Michael Ullman, PhD

Michael Ullman, PhD

Professor
PhD (Brain & Cognitive Sciences) 1993
Massachusetts Institute of Technology (MIT)
New Research Building, EP07
Phone: 202.687.6064
E-mail: michael@georgetown.edu

Dr. Ullman is Professor in the Department of Neuroscience, with secondary appointments in the Departments of Psychology and Neurology. He is Director of the Brain and Language Lab, and Director of the Georgetown EEG/ERP Laboratory.

The Brain and Language Lab aims to elucidate how language is learned, represented, and processed in the mind and brain.  We focus especially on understanding how language learning and use depend on evolutionarily ancient learning and memory systems in the brain: declarative memory and procedural memory, which are respectively rooted in the hippocampus and the basal ganglia. We study both native and later-learned language/bilingualism. We are also interested in the neurocognition of math, reading, and music, and whether and how these also depend on the two learning and memory systems. We investigate between and within subject differences in the neurocognition of language and other domains, based on factors such as genetic variation, endocrine fluctuations, sex and handedness differences, and individual differences in learning and memory abilities. We test our hypotheses using a set of complementary behavioral, neurological, neuroimaging ((f)MRI), electrophysiological (ERPs), and other approaches (e.g., genetic, endocrine, pharmacological). We are interested in the normal acquisition and processing of language and other domains, as well as the breakdown, recovery and rehabilitation of these processes in a variety of developmental and later-onset disorders, including Developmental Language Disorder (i.e., Specific Language Impairment), dyslexia, autism, Tourette syndrome, Alzheimer’s disease, Parkinson’s disease, Huntington’s disease, and aphasia. A new area of research investigates how language and other cognitive abilities are affected in the aging brain. This work is being led by Research Scholar Jana Reifegerste, with the close involvement and support of undergraduate Lauren Russell.

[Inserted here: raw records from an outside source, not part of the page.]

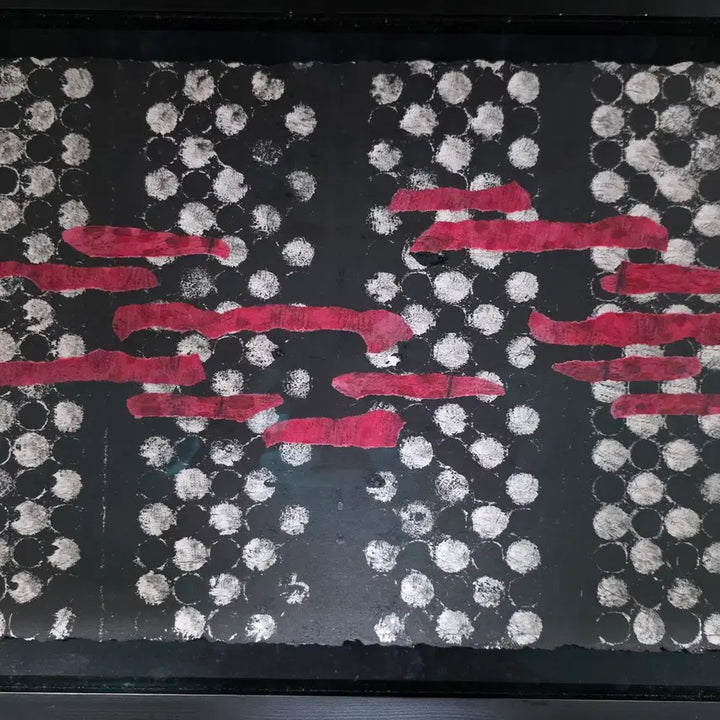 [BUNJANG] Kim Ye Ryung Color Printing Artwork "How Cold Are Humans Without a Home" / 김예령화가 컬러프린팅 작품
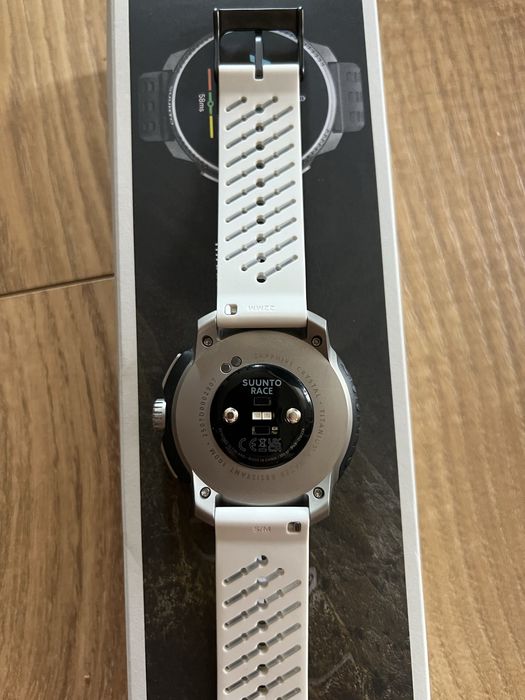 Suunto Race Titanium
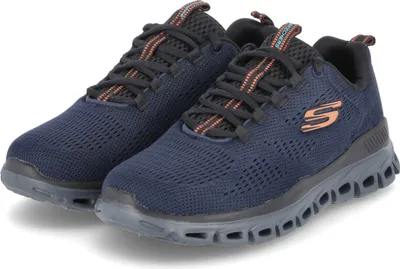 Produktbild von Low Sneaker GLIDE STEP FASTEN UP , 221-011: Deutsch:40, Color:blau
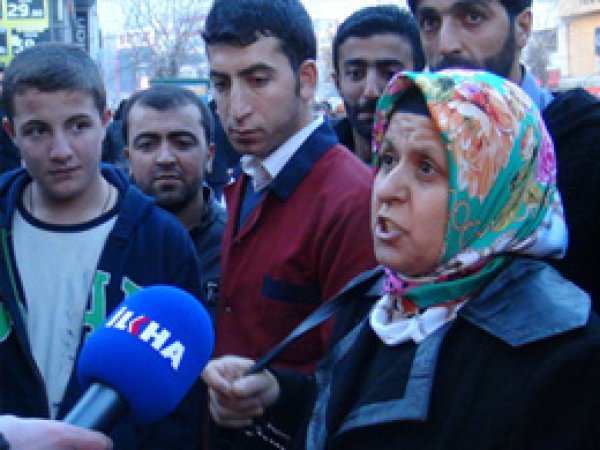 Depremzededen Başbakana Sitem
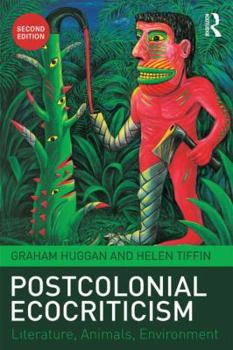Paperback Postcolonial Ecocriticism: Literature, Animals, Environment Book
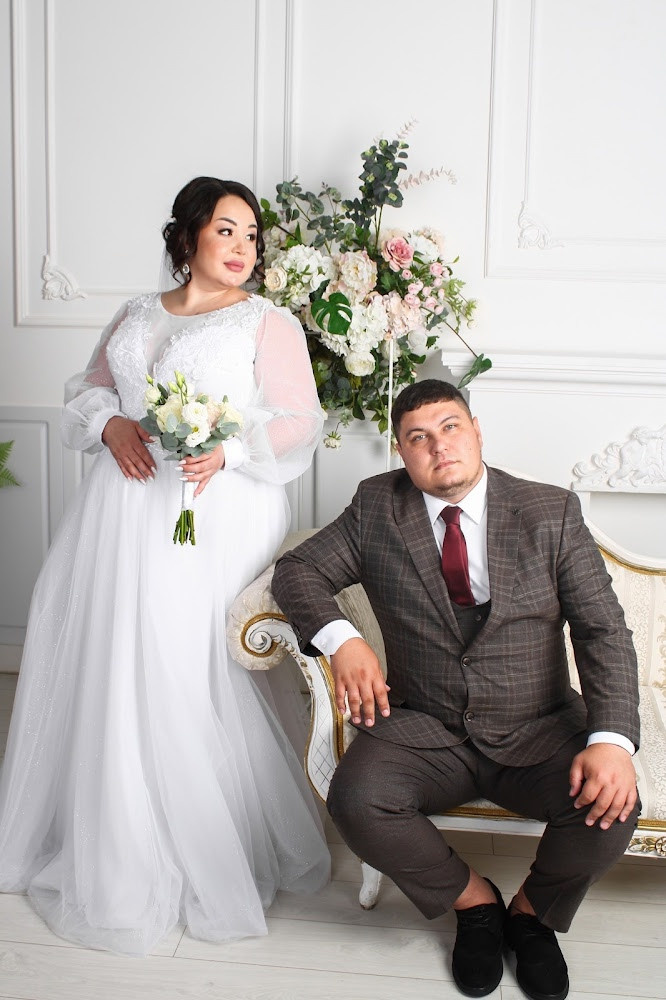 Свадебное портфолио. Фотограф Лебедева Ксения Республика Башкортостан, Аша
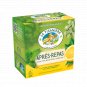 Organic Herbal Tea La Tisaniere After Meals with Lemon Après-repas BIO 20 SACHETS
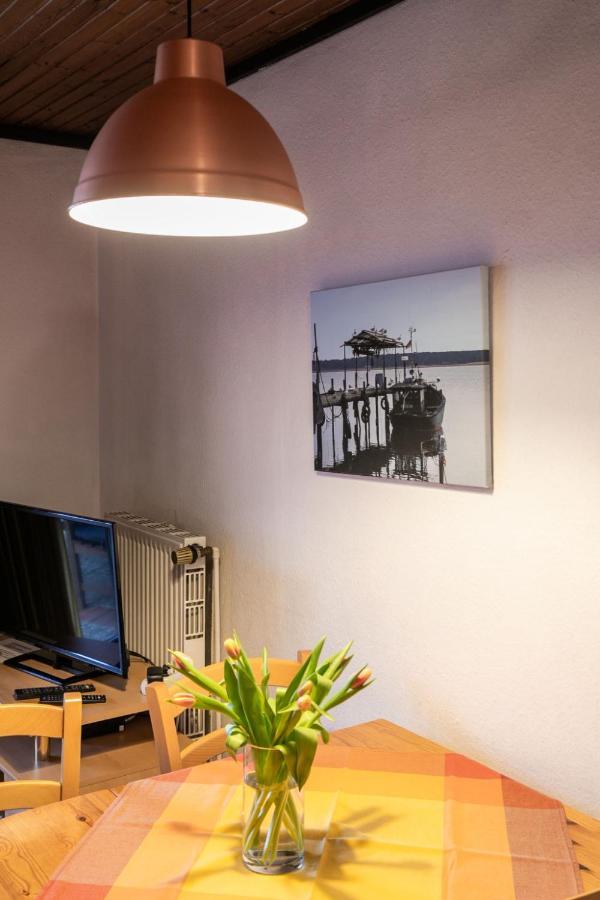 Apartment Nordsee-Ferienhaus-5 By Interhome フリードリッヒシュコオク エクステリア 写真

The Georgetown EEG/ERP Laboratory provides a state-of-the-art facility for the acquisition of human electroencephalography (EEG) and event-related potentials (ERPs). The lab’s Neuroscan SynAmps2 EEG/ERP system can be used for up to 64-channel EEG/ERP acquisition. Additionally, we have a 64 channel BrainAmp MR Plus system from Brain Products that allows one to carry out simultaneous EEG/ERP and fMRI acquisition in Georgetown’s Center for Functional and Molecular Imaging (CFMI) 3T Siemens Magnetom Trio scanner.